Timofey Shvaya presented the study "Crowd Size and Prediction Precision: an Analysis of Metaculus Data". Co-authors of this research: Petr Parshakov, Iuliia Naidenova, Dennis Coates

IDLab Workshop

This paper investigates the optimal crowd size for making accurate predictions across various fields, leveraging data from the online forecasting platform Metaculus. Crowdsourcing, the practice of soliciting contributions from a broad audience via the Internet, taps into the "wisdom of the crowd" to make more accurate predictions than any single individual could. Despite its recognized potential, debates persist regarding the ideal characteristics and size of the crowd for maximal predictive accuracy. Previous studies have presented mixed findings, with some advocating for larger groups and others suggesting small, knowledgeable teams may yield better results.
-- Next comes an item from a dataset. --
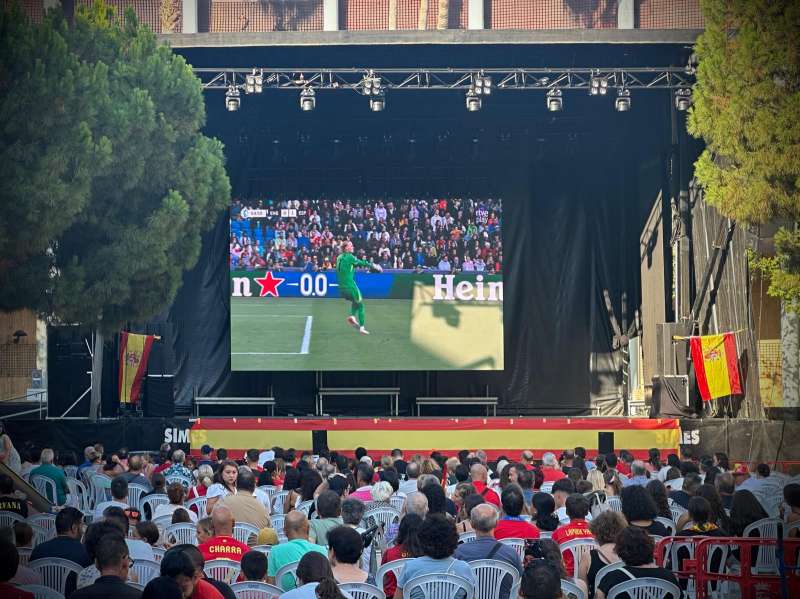 Torrent mirant la final de lEurocopa femenina | EPDA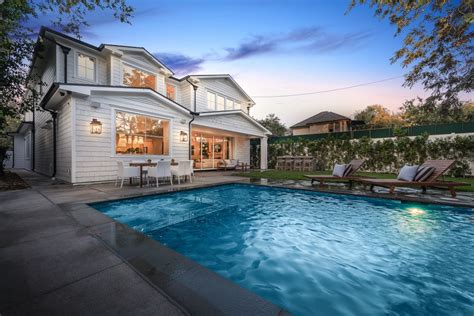 Check spelling or type a new query. Woodbridge Street, Toluca Lake - Chernov Team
Utilizing a dataset of 1,687 observations from Metaculus, this study analyzes prediction accuracy, measured by the Brier score, across different crowd sizes and topics, including politics, technology, and science. The analysis reveals a U-shaped relationship between the number of forecasts and prediction accuracy, suggesting an optimal forecast number of approximately 1200. The findings indicate that while larger crowds can improve predictions, there is a threshold beyond which additional forecasts do not enhance and may even diminish accuracy. This paper contributes to the understanding of crowd-based forecasting's dynamics, providing insights into how to effectively harness collective intelligence for predictive purposes.